One advantage of the Manta is that it can operate as a life-size track and dolly with an impressive 3m vertical reach (1m minimum height) and a 5.5m lateral reach end to end. This means the rig can be used to film in smaller scale life size sets, as well as miniature stop-motion sets.
We also have additional rotation axis mounts and linear model movers which can be used in conjunction with the rig for added dynamism and trickery.
We’re always excited to use the Manta in new ways to create something new with motion control techniques, so if you have an idea for a shoot which could be enhanced with the Manta’s capabilities, get in touch for a full spec and rate card.
The Manta isn’t just a fancy train set. Our philosophy is to use the camera as a character, whose movement should be used judiciously to augment the point-of-view for any shot, sequence or story.
Motion Control Examples
Experience the creative potential of motion control for yourself by checking out some of our projects which were made possible using motion control, and specifically the Manta:
Pilsner Urquell ‘Legends’
A world crafted entirely from paper. We moved the camera in a continuous left-to-right travel cycle to journey through Pilsen town square, underground, back up and round, coming full circle to view the point of origin.
Penny, Arctic Christmas
We facilitated this complex studio shoot, collaborating with VFX giant Glassworks.

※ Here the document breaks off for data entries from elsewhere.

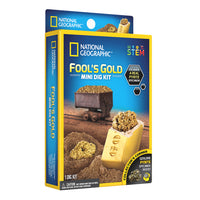 National Geographic Fool's Gold Mini Dig Kit-The National Geographic Fool’s Gold Mini Dig Kit provides an exciting chance for kids to discover a dazzling pyrite specimen inside a gold bar-shaped dig brick! Use the included dig tool and brush to excavate your specimen, then learn all about it in our full-color learning guide.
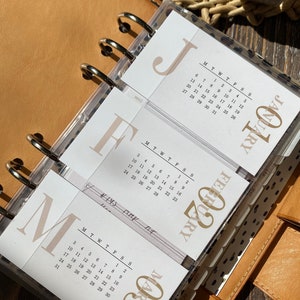 DATED PRINTED 2026 maandplannerkaarten, planneraccessoires 12 maanden, maandkalenderkaarten, kaarten jan - dec 2026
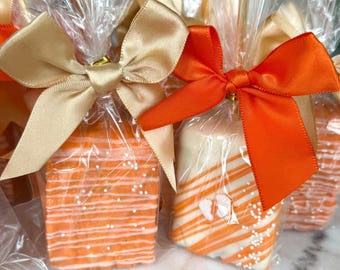 Little Cutie Baby Shower Rice Krispie Treats – Chocolate Covered with Orange & Gold Bows – Custom Party Favors, Chocolate Covered Desserts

We created lofty crane manoeuvres over wide urban scenes, plus more dynamic sweeps across Arctic ice floes.
Da Vinci Learning Idents
Our model movers are capable of shifting up to 25kg of mass on a linear track. We used this to create the impression of ice cores being moved into a storage freezer, by filming the whole set rotated through 90 degrees. By adding refrigerated vapour (dry ice) which naturally falls, creates the impression that the ice cores are moving horizontally, not vertically.
We also used the Manta rig to sweep the camera across a miniature art gallery model, as well as various smaller, more subtle moves and tricks:
As mentioned above, one advantage of the Manta rig is that it can cope with life-size sets. We built this living room environment and built the shot with 16 separate passes to cover each aspect of animation.
Sony Movie Channel
True Crime: Valentines
A 6-day time-lapse where the rig ran day and night to capture this haunting single shot of roses gradually wilting. We set up delicate temperature controls to ensure the rate of decay remained constant.